C'est par un Décret paru au Journal Officiel le 25 mai 2017 que le Président de la République a tracé la feuille de route du nouveau Secrétaire d'Etat au Numérique, Monsieur Mounir Mahjoubi. Si des polémiques ont pu exister sur de nombreux ministres, force est de constater que le numérique s'en est toujours bien tiré que ce soit avec Fleur Pellerin ou Axel Lemaire, bénéficiant toutes deux de réelles compétences dans ce domaine. Mais avec Mounir Mahjoubi, on tient un véritable Geek! Or, s'il est bien un domaine où la passion des technologies innovantes est indispensable pour tout comprendre très vite et être efficace, c'est bien le monde du numérique.


 
Le Décret n° 2017-1068 du 24 mai 2017 relatif aux attributions déléguées au secrétaire d'Etat chargé du numérique attribue à notre nouveau Secrétaire d'Etat rien moins que "le rôle de mener la politique de transformation numérique de l'Etat".

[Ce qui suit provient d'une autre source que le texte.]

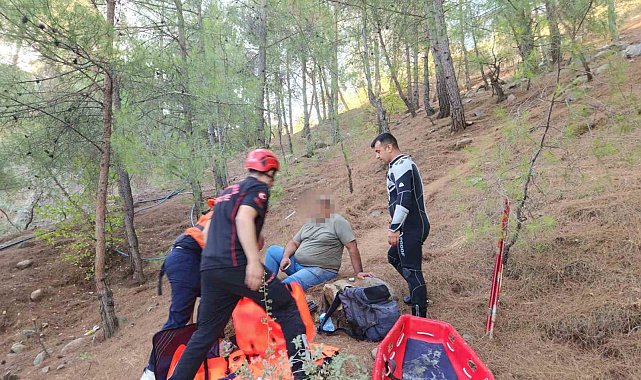 Ormanda ayağı kırılan vatandaşı itfaiye ekipleri kurtardı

Un chantier colossal et transversal donc, qui amènera Monsieur Mahjoubi à potentiellement "mettre son grain de sel" dans tous les services de l'Etat, le décret indiquant par exemple qu' "il traite, en lien avec les autres ministres concernés, de toutes questions relatives à la promotion et à la diffusion du numérique".

La rédaction du décret permet de constater que le nouveau Président de la République a entendu faire de la transformation digitale un  référentiel permanent de l'action de l'Etat et on ne peut que s'en réjouir. Si on devait plagier Charles de Gaulle, il ne sert à rien de sauter comme un cabri en hurlant "le numérique! le numérique! le numérique!", mais bien de se poser systématiquement la question de l'apport potentiel d'une technologie à une administration dès lors qu'on envisage une transformation, une réforme. 

Un exemple dans le domaine juridique? Très facile : songez qu'aujourd'hui le papier est roi dans l'administration judiciaire et que les personnels manquent. Permettez demain aux greffiers de pouvoir être déchargés de la fonction d'analyse, de contrôle et de validation des dossiers d'aide juridictionnelle déposés par les justiciables ou leurs avocats et vous verrez si on ne commence pas à souffler dans les bureaux des juridictions! Aussi fou que cela puisse paraître, la démarche est aujourd'hui quasiment 100% papier, avec de bons vieux formulaires A4 double pages à remplir au stylo... Du délire! On peut donc imaginer que si demain la Chancellerie pond une réforme sur l'aide juridictionnelle, le secrétariat d'Etat au numérique aura vocation à auditer la démarche pour permettre un gain d'argent, de temps et d'efficacité à la mise en place d'une telle démarche!

Assurément, la tâche du Ministre du Numérique est, pour le passionné de nouvelles technologies, à la fois une des plus motivantes mais aussi une des plus ardues qui soit dans les années qui viennent. Et la France doit absolument réussir ce pari. C'est fondamental.

On ne peut que se réjouir de sucroit que le Ministre soit un véritable connaisseur de ces sujets... et trembler à la perspective d'une défaite  aux législatives qui le conduirait à démissionner. 

Ce serait là, assurément, une véritable perte pour tous les technophiles et une perte encore plus lourde pour le gouvernement.

Croisons les doigts...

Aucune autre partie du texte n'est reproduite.